WHAT YOU ARE ASKED TO DO: Would you transcribe the records below from the line with "VEVOR Anhängerheber, 2267" to the line with "Enlèvement de tout", ends included, exactly and with nothing more, leaving the pictures out?

STORED DATA:

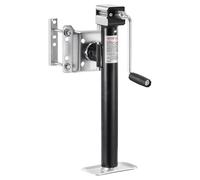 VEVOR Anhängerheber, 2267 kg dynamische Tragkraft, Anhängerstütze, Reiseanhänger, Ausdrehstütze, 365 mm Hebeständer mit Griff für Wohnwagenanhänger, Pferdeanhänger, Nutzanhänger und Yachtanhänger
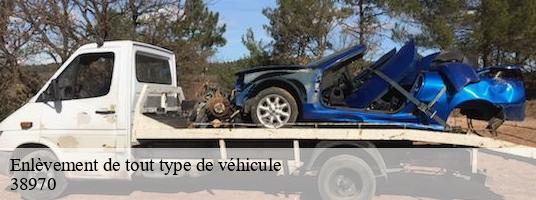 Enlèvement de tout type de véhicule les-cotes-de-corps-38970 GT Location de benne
* * *
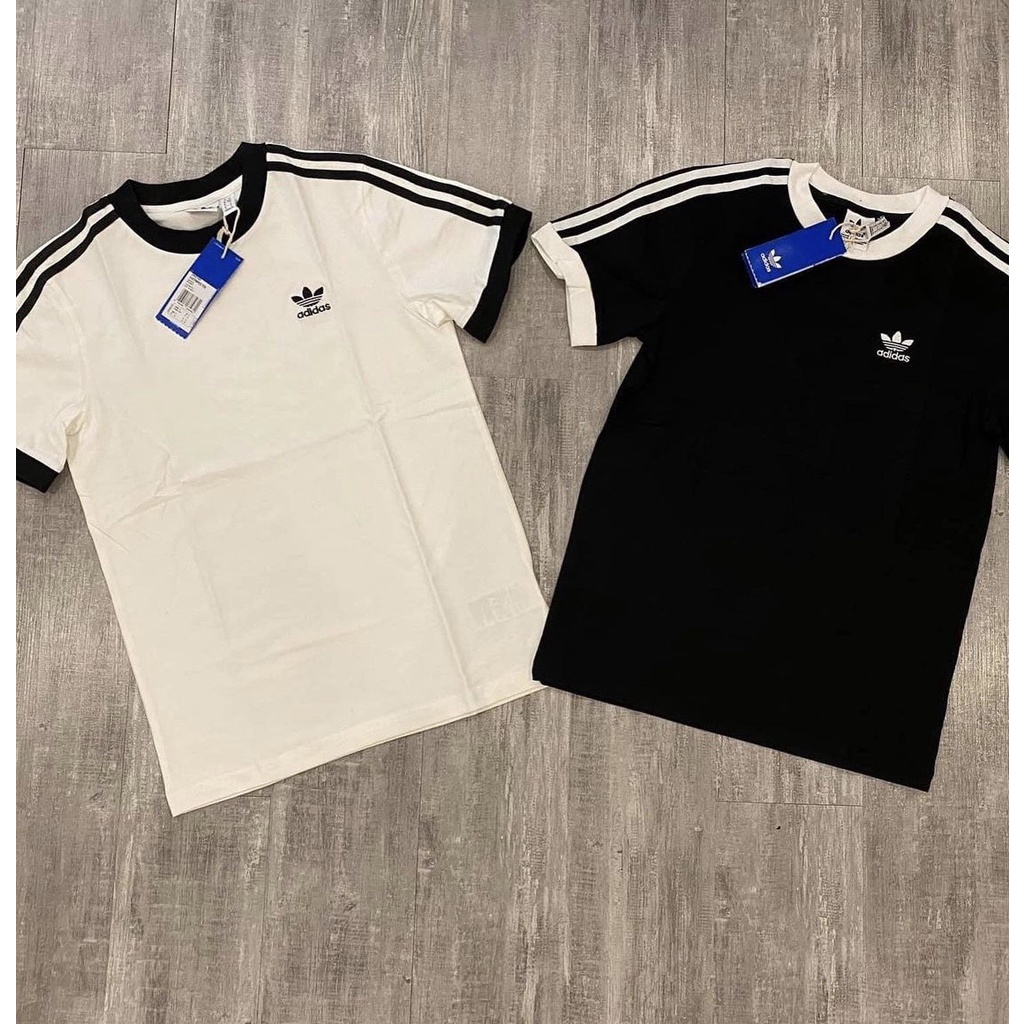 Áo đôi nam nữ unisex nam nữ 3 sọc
...
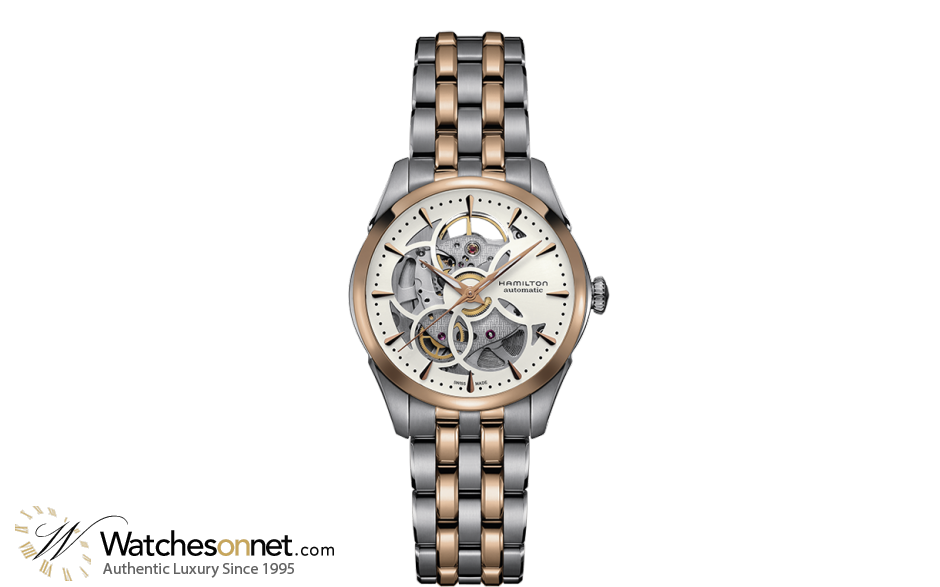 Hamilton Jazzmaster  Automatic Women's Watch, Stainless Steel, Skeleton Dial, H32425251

ANSWER SECTION:
 VEVOR Anhängerheber, 2267 kg dynamische Tragkraft, Anhängerstütze, Reiseanhänger, Ausdrehstütze, 365 mm Hebeständer mit Griff für Wohnwagenanhänger, Pferdeanhänger, Nutzanhänger und Yachtanhänger
 Enlèvement de tout type de véhicule les-cotes-de-corps-38970 GT Location de benne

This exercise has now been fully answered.